One of the players isn't a player; he or she is the mole, and is supposed to be trying to undercut the group at any turn.
Each week, the players have to take a complicated computer quiz about who the mole is. Whoever scores worst on the test gets bounced. The last player standing with the mole wins however much money is in the pot.
Got it?
When "The Mole" screens scenes from the previous week's show at the beginning of the new episode, you feel as if you're revisiting an unpleasant dream.
"What do I know? -- I'm just the simpleton here, trying to get through," Steven, the undercover cop, says in the prologue, speaking for much, if not all, of the show's dwindling viewership.
The last few days the group has been in the South of France. Now numbering eight, they are taken to Spain. On the ride to their new hotel, they bicker in the van -- Charlie, the retired detective, is mad at Kate, the real estate investor, who won't open the window. Wendi agrees that Charlie got up on the wrong side of the bed that morning.
Then they're on a dirt road where they are dropped off and ... made to walk for a while.
This is the sort of anti-drama that fuels this show.
The group wanders up a trail to an old wooden bullfighting arena. The test this time is that they each have to get in the ring, as it were, and endure two passes of a smallish, but still hefty, young bull sprouting two nubs of horns.
Charlie, who is 63, gets head-butted by the bull first. It sure looks like he gets it right in the groin. It seems really painful. The viewer's relief that, for the first time, a reality TV show draws some real blood is tempered by the fact that this is a genuinely dangerous and foolhardy act.
The players have no idea how to bullfight; most hold the cape right in front of their crotch. Time after time they seem surprised when the little bull knocks them on their ass.
Several of the players end up in the dust wrestling with the animal.
Playing amateur bullfighter looks like a good way to lose an eye, or one's ability to procreate.
Anyway, the angle is that if everyone doesn't agree to go out and risk his or her life with the bull, the group loses. But in the event, all do it. No clues to the mole here.
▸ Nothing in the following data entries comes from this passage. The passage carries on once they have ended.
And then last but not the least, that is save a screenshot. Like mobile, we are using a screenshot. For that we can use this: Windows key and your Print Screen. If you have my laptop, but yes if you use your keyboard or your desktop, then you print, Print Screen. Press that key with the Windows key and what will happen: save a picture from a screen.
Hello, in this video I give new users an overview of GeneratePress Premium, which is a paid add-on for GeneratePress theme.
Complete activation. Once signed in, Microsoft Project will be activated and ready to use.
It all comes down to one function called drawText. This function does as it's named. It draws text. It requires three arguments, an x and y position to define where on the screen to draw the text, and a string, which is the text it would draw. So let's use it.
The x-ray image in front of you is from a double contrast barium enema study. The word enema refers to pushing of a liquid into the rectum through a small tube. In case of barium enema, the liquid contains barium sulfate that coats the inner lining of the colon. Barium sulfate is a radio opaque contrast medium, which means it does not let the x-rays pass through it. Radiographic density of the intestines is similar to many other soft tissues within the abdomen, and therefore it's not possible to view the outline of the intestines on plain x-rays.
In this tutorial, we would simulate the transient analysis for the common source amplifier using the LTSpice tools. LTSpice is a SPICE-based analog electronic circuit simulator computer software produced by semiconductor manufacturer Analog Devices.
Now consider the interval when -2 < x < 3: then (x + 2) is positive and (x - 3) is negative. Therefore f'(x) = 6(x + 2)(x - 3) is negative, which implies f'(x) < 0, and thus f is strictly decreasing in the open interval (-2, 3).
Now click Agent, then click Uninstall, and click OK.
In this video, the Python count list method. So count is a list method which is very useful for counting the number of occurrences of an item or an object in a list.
The group has to camp out that night. At dinner, Charlie, Wendi and Jennifer do a little rhumba. But Charlie drinks a little too much and goes off on a foul-mouthed rant about Kate.
There are two tests the next day. The first is another "Mole" exercise in tedium. Three players are assigned the task of getting eight loads of laundry done in eight different places in a small Spanish town when they don't speak Spanish.
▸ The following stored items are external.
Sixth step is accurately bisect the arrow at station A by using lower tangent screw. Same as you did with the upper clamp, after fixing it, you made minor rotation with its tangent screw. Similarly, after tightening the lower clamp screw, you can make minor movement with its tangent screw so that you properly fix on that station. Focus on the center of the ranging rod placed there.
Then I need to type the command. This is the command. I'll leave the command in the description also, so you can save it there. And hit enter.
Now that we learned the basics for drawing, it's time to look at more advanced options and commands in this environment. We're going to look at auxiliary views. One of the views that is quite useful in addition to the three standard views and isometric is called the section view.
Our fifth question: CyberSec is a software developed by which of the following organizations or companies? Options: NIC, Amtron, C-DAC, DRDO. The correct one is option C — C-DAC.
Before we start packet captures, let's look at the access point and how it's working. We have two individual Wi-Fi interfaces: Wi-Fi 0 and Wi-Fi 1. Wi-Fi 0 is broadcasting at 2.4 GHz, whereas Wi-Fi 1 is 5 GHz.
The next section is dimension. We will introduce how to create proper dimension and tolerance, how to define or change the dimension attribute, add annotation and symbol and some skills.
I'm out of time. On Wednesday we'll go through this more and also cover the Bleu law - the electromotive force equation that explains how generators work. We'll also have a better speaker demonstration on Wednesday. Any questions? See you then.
The other five endure a much more complicated procedure. They are each given a pair of tasks, one annoying (dyeing one's hair, wearing a ball and chain for a day) and one rather unpleasant (shaving one's head, wearing stocks for a day). They each roll a die: One through three means they get to do the annoying task, four to six the unpleasant one.
Steven for example, is faced with drawing someone nude -- or posing nude for a painting. He rolls a high number and is faced with having to pose nude, but backs out at the last minute.
Oooh, maybe he's the mole!
Jim's test: a cast on one leg, or a cast on two legs (for a day). He refuses as well.
Ooooh! Or maybe he's the mole!
Wendi ends up with stocks around her neck.
Kathryn flat-out refuses to shave her head. Mole?
Kate is presented with a proposal so complex we refuse to figure it out. At the end of the day, the players meet in the town square, and Kate walks up with her hair dyed, both calves in casts, wearing a ball and chain -- and showing off a drawing of herself in the nude!
She wins $40,000 for the group -- and probably isn't the mole.
That night they have the regularly scheduled execution. Wendi, the designer, gets it. "Have a good game!" she says to Coop, by way of goodbye.
Then comes the show's slo-mo remembrance of the departed chump. "She'll definitely be missed," everyone says. That's what people say when you won't be.